I didnt even notice until you mentioned it. A box is a box lol my girls have played in tampon boxes before. If its made of cardboard it goes in the rat cage lol your boys are adorable 

Sent from Petguide.com Free App


----------



## Aether (Mar 7, 2013)

They're all adorable


----------



## PurpleGirl (Oct 12, 2012)

They're beautiful! Where did Toothpaste's name spring from? That made me laugh.


----------



## Rumy91989 (Dec 31, 2012)

They are so super adorable, oh my goodness!  LOVE THEM!


----------



## lcs (Feb 7, 2012)

Thanks for the kind words! Toothpaste is my son's. He's 8 and that's the name he came up with. I've asked him why Toothpaste several times and he says that he looks like toothpaste. Yeah, I don't know either. We do get a lot of joke mileage out of the name though. Ratty is my daughter's, she's five and the name Ratty was, I kid you not, her ninth choice. Everytime he did something new she changed his name; Scratchy, Wiggles, Chewy, etc, etc. . .

My kids are so head over heels in love with these guys I can't bear to think about the day when we lose one.


----------



## apac (Jan 23, 2012)

they are adorable! such handsom cuddly boys!


----------



## ratchet (Sep 27, 2012)

They are all so winsome! The picture with your son's hands and Toothpaste cuddling is precious. 


Sent from Petguide.com Free App


----------



## cagedbirdsinging (May 28, 2012)

I don't take too many cage pictures because of all of the semi-embarrassing boxes that the boys love to "recycle".


----------



## Clover_Luna (Feb 26, 2013)

So cute. I love their colors.


----------



## LightningWolf (Jun 8, 2012)

Toothpaste has an Awesome name. I think little kids are more creative with names. ;D

Oh and they are all amazing and adorable


----------



## Jluckie (Feb 27, 2013)

I love them!! They are so snugly and big!! I hope my boys get like that! Squishy!!


Sent from Petguide.com Free App


----------



## PurpleGirl (Oct 12, 2012)

I've said it before and I'll say it again, rats are just *the* best pets for kids. Teaches them responsibility of looking after an animal (cage to clean, feeding etc) and they're a nice size to handle. I very much like hamsters but I don't know why they're the top choice of small pet for children, a rat is much less likely to ever nip and unlike most hamsters, they really enjoy spending time with their owners.


----------



## lcs (Feb 7, 2012)

> I've said it before and I'll say it again, rats are just *the* best pets for kids.

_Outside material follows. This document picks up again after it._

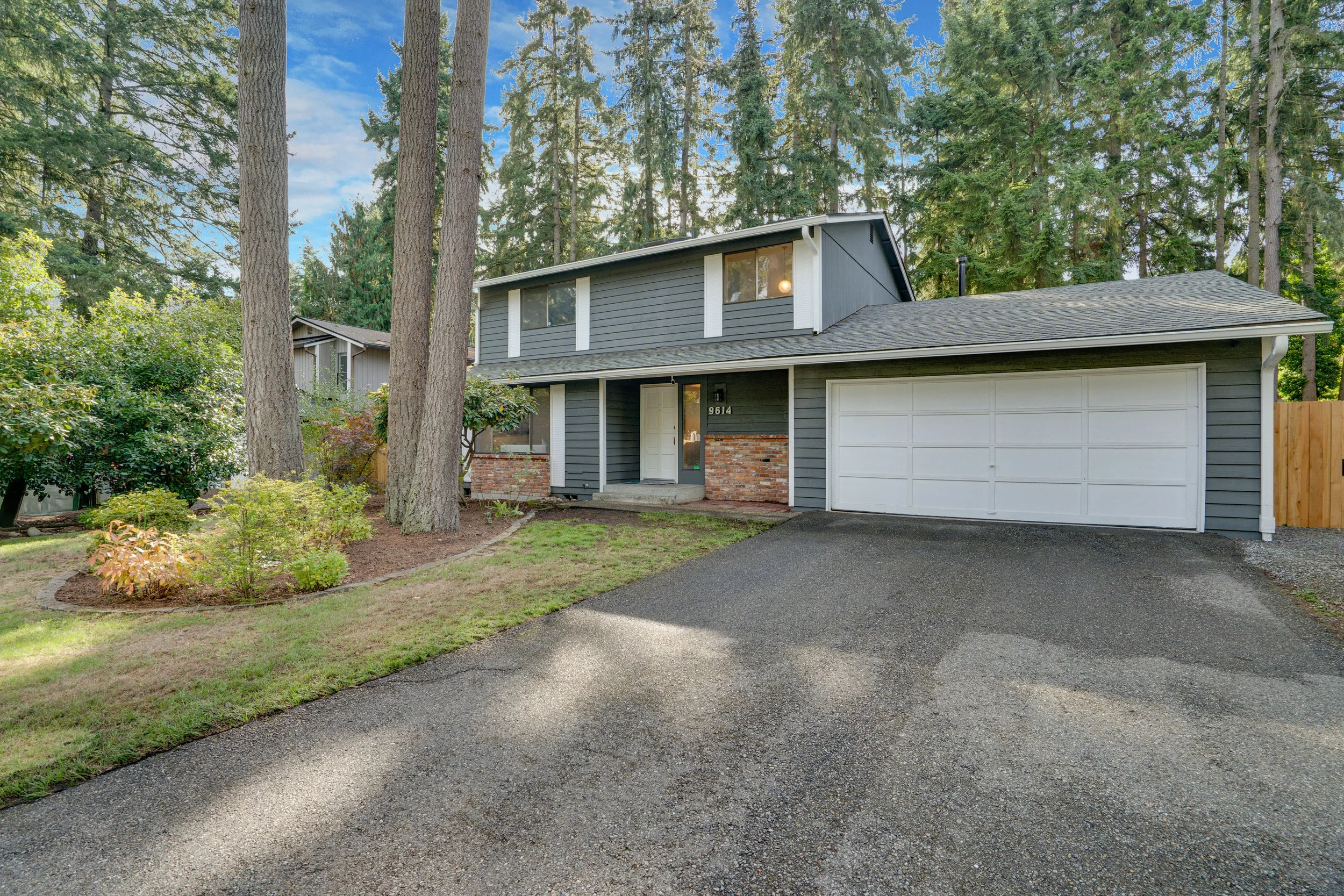 Driveway & Garage Puyallup 3 Bedroom.jpg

I couldn't agree more. One of our boys, Po, is quite shy and startles easily; he's not exactly timid, but definately more reserved than the other two. Knowing how to be around him so he's comfortable has been a great learning experience for my kids. Especially my five year old who is rather high energy. I have to remind her now and then to go slow, but overall she is great about being considerate of all the rats.


----------